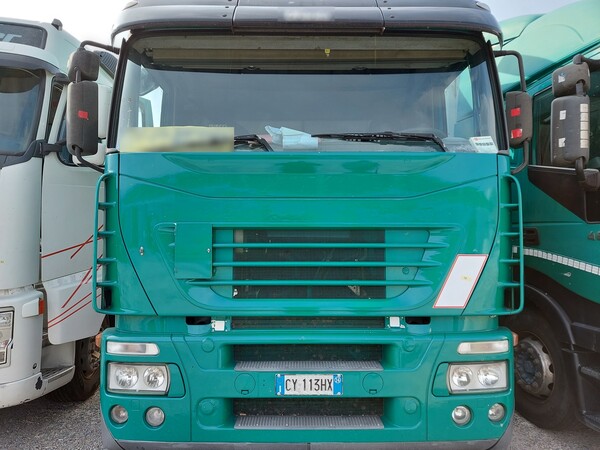 Autocarri in vendita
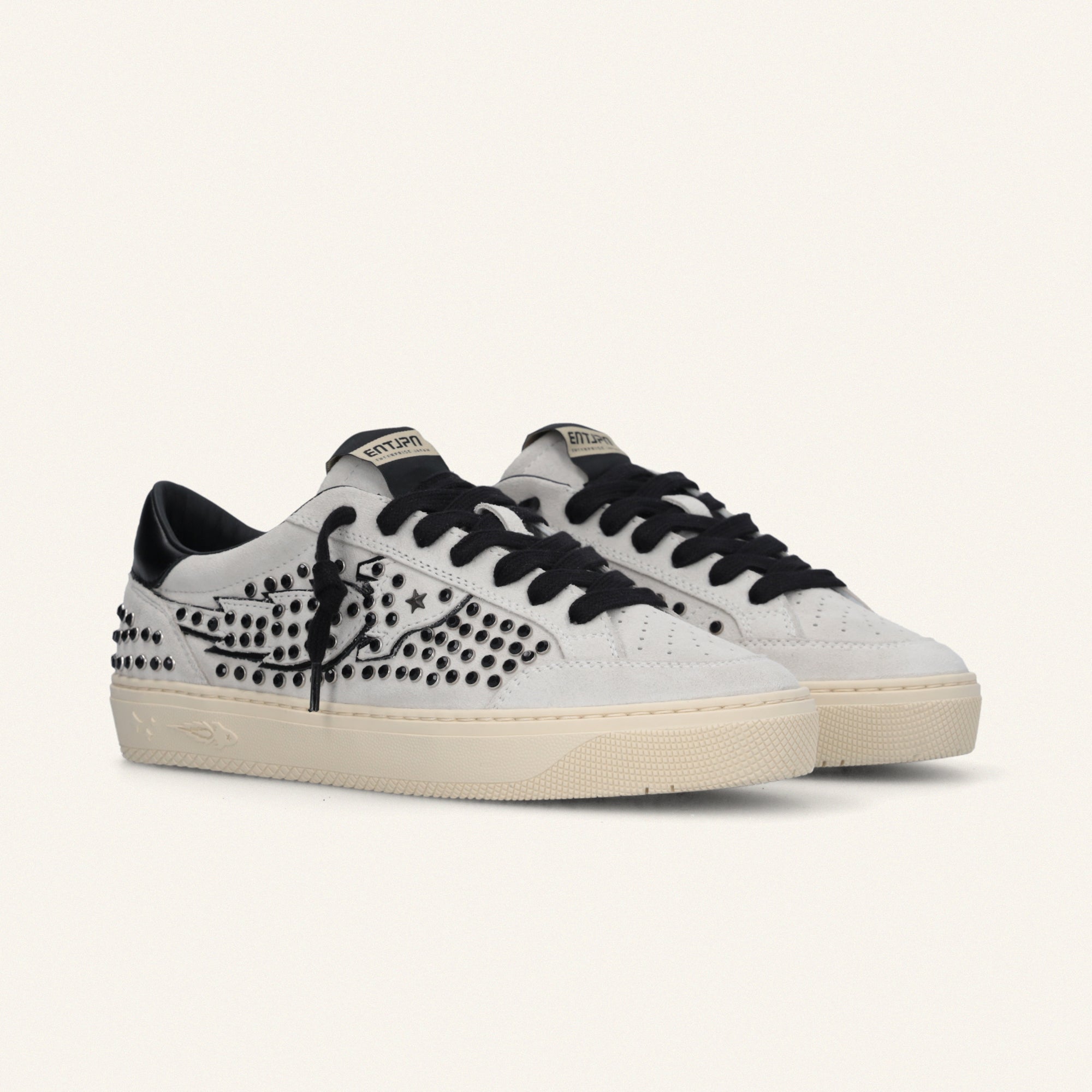 Entjpn Jupiter Rocket - sneakers donna con borchie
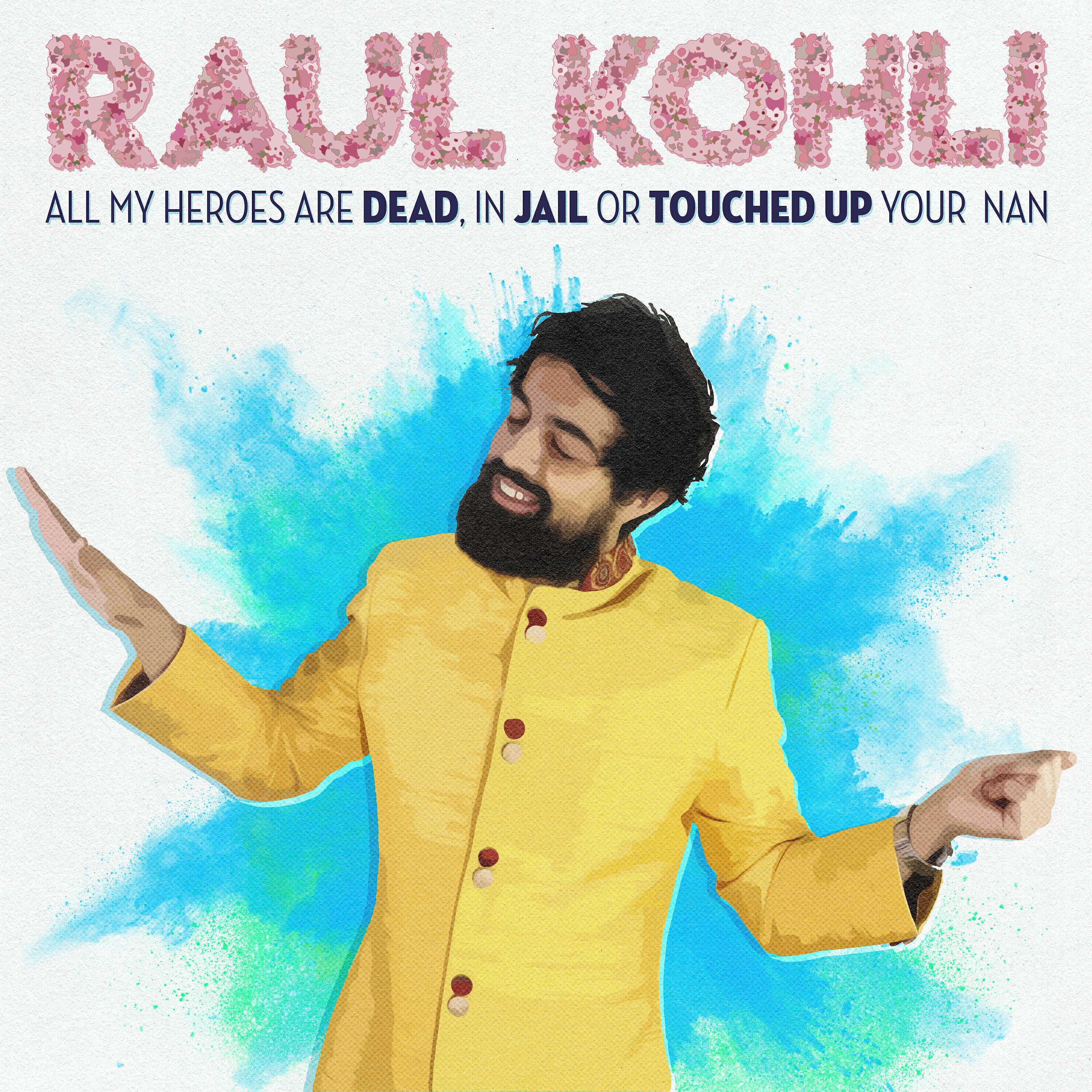 Raul Kohli - Not Being Attracted to Black Women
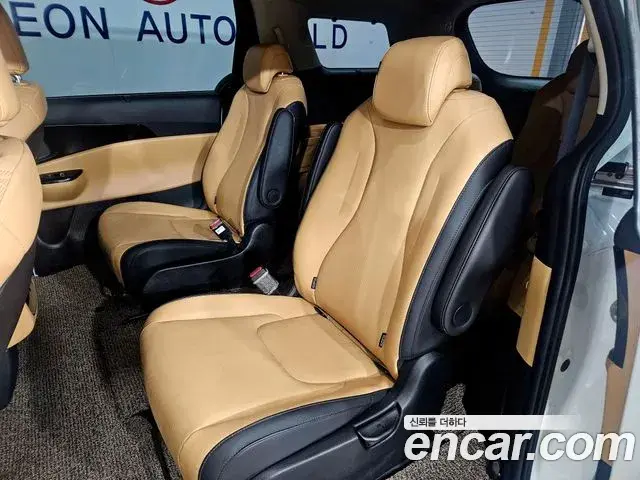 Kia Carnival 2023 — Фото 8/20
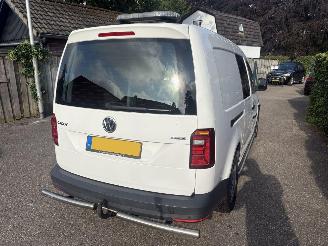 Volkswagen Caddy 1.4 TGI L2H1 EcoFuel Maxi CNG GAS MILLEU VRIENDELIJK picture 8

» AIM OF THE TASK
Please keep the pictures out and reproduce the records above exactly.

» RESPONSE
 Autocarri in vendita
 Entjpn Jupiter Rocket - sneakers donna con borchie
 Raul Kohli - Not Being Attracted to Black Women
 Kia Carnival 2023 — Фото 8/20
 Volkswagen Caddy 1.4 TGI L2H1 EcoFuel Maxi CNG GAS MILLEU VRIENDELIJK picture 8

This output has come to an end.